The copy must hold exactly the lines from the one with "Newton Park County House Hotel - Image 1" through the end of the listing below, and nothing else, with no pictures.

[Start of section]

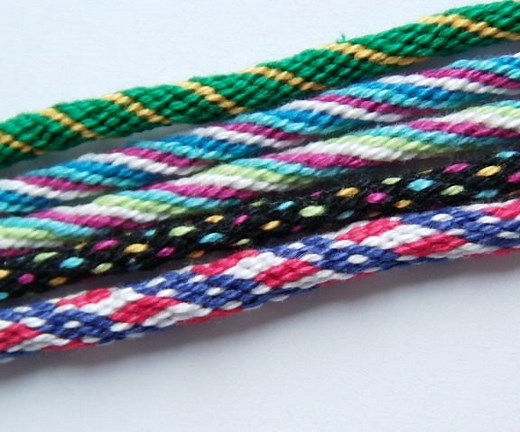 Braiding Wheel Friendship Bracelets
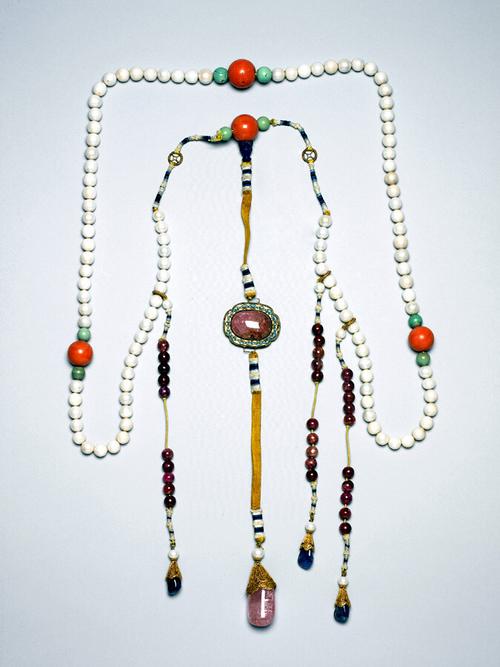 清代东珠朝珠现藏于国立故宫博物院
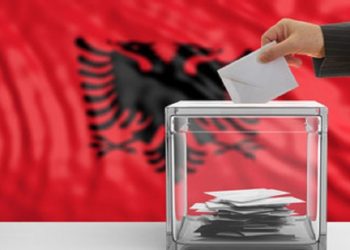 “Ngarkojnë foto të çuditshme!”. Ja pse po refuzohen aplikimet e emigrantëve për 11 Majin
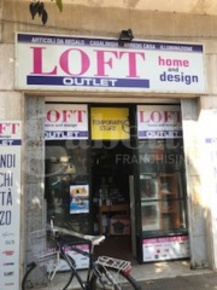 Foto Negozio in Via TIRSO 120, Oristano Centro di 300 m² con 4 locali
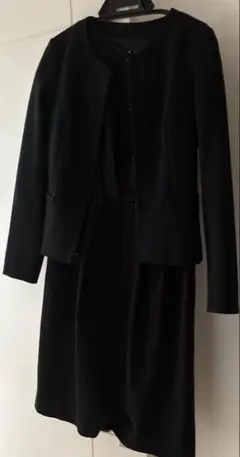 UNTITLED レディースフォーマルスーツ 黒 M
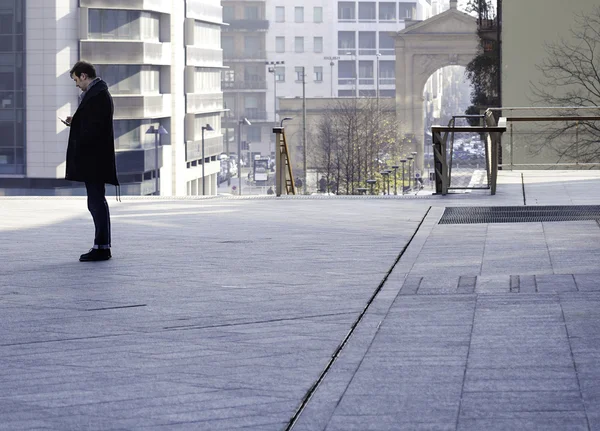 Hombre mirando su teléfono inteligente en la ciudad —  Fotos de Stock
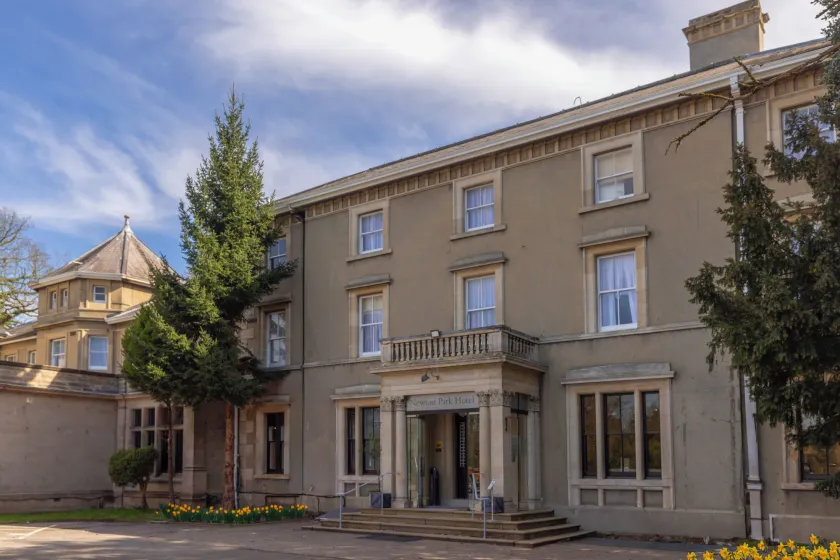 Newton Park County House Hotel - Image 1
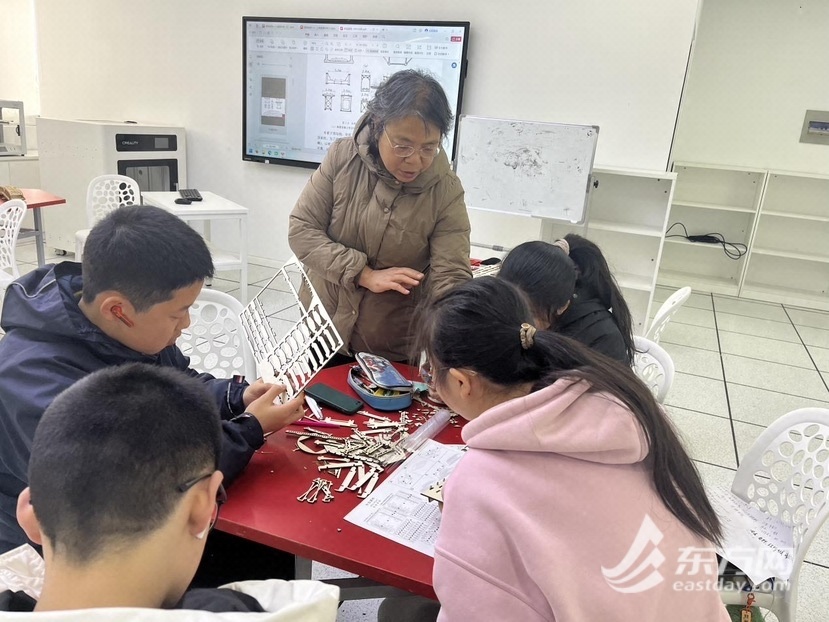 浦东新区唐镇中学学生在《桥梁设计师》项目实践中搭建模型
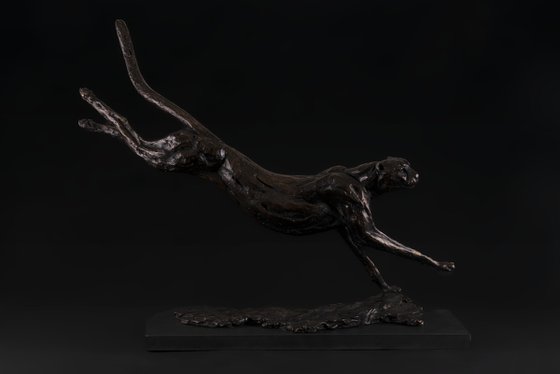 unning Cheetah Foundry Bronze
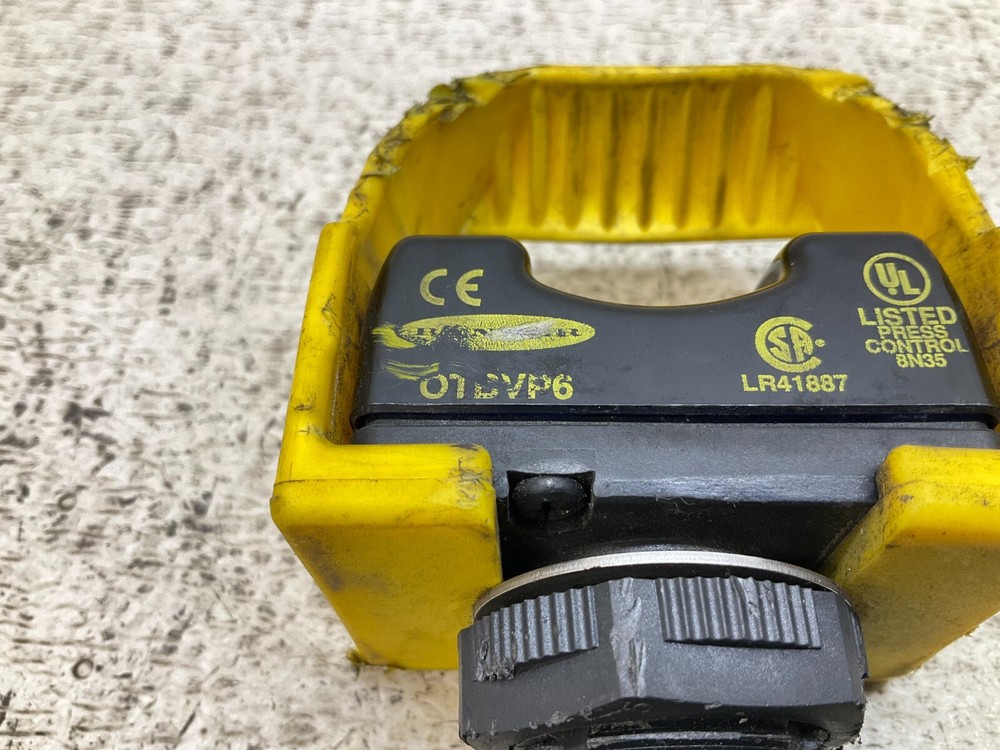 Banner OTBVP6 Optical Palm Touch Button (TSC)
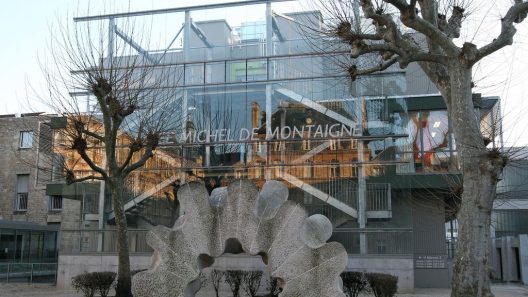 Tragédie au lycée Michel-Montaigne : enquête en cours après la mort d’un adolescent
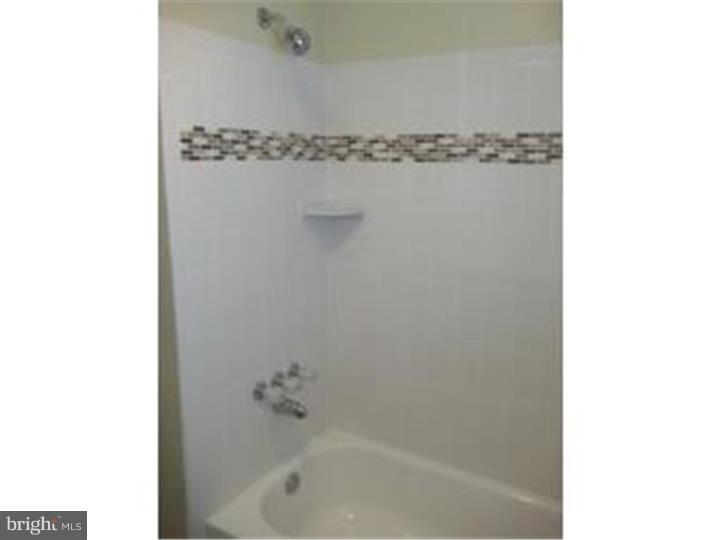 465 Dewey Road Bellmawr, NJ 08031 - Photo 11 of 21 Bathroom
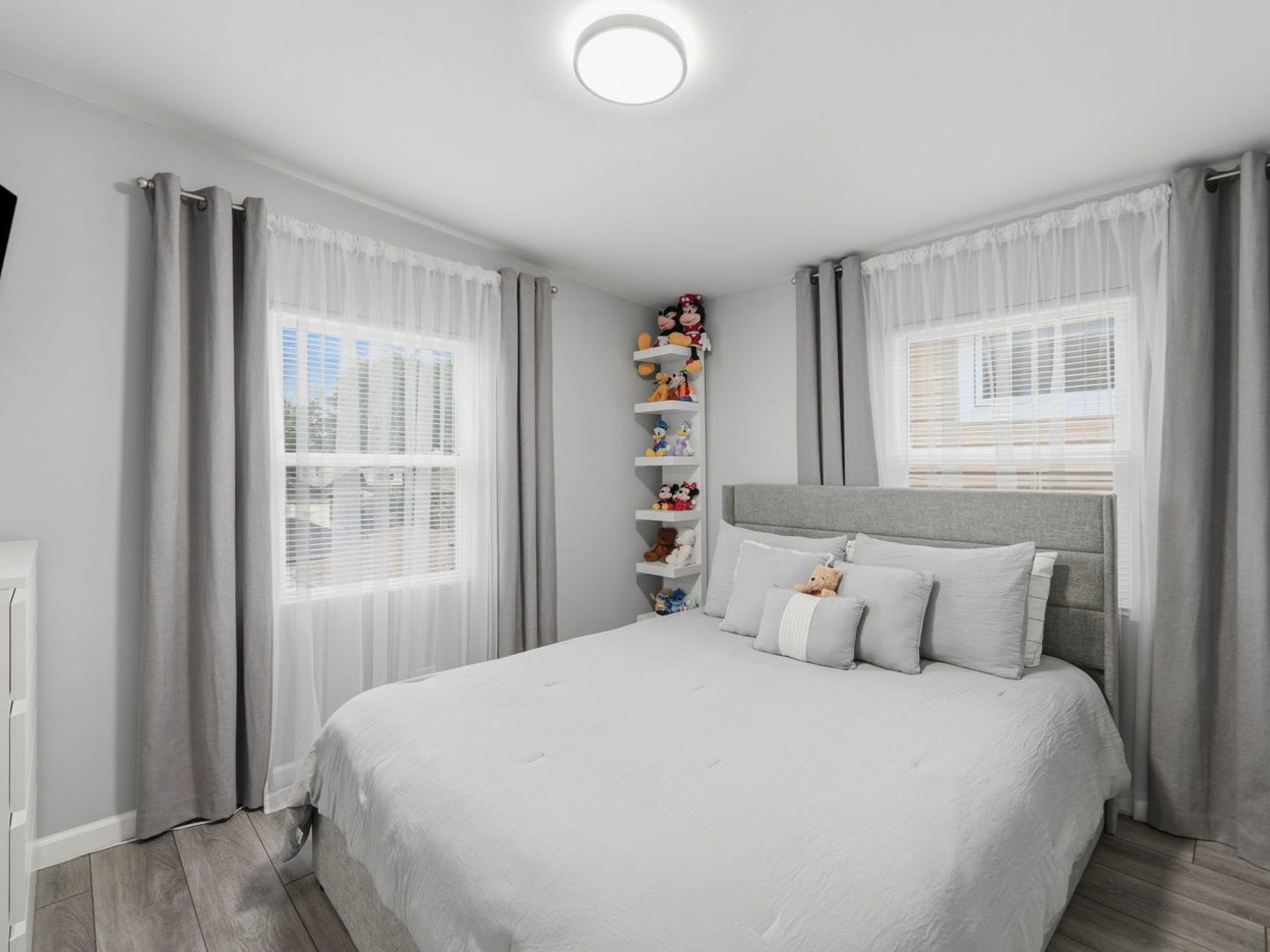 3110 N 76th Court Property Photo 29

[End of section]

• _OUTPUT OF THE TASK_
 Newton Park County House Hotel - Image 1
 浦东新区唐镇中学学生在《桥梁设计师》项目实践中搭建模型
 unning Cheetah Foundry Bronze
 Banner OTBVP6 Optical Palm Touch Button (TSC)
 Tragédie au lycée Michel-Montaigne : enquête en cours après la mort d’un adolescent
 465 Dewey Road Bellmawr, NJ 08031 - Photo 11 of 21 Bathroom
 3110 N 76th Court Property Photo 29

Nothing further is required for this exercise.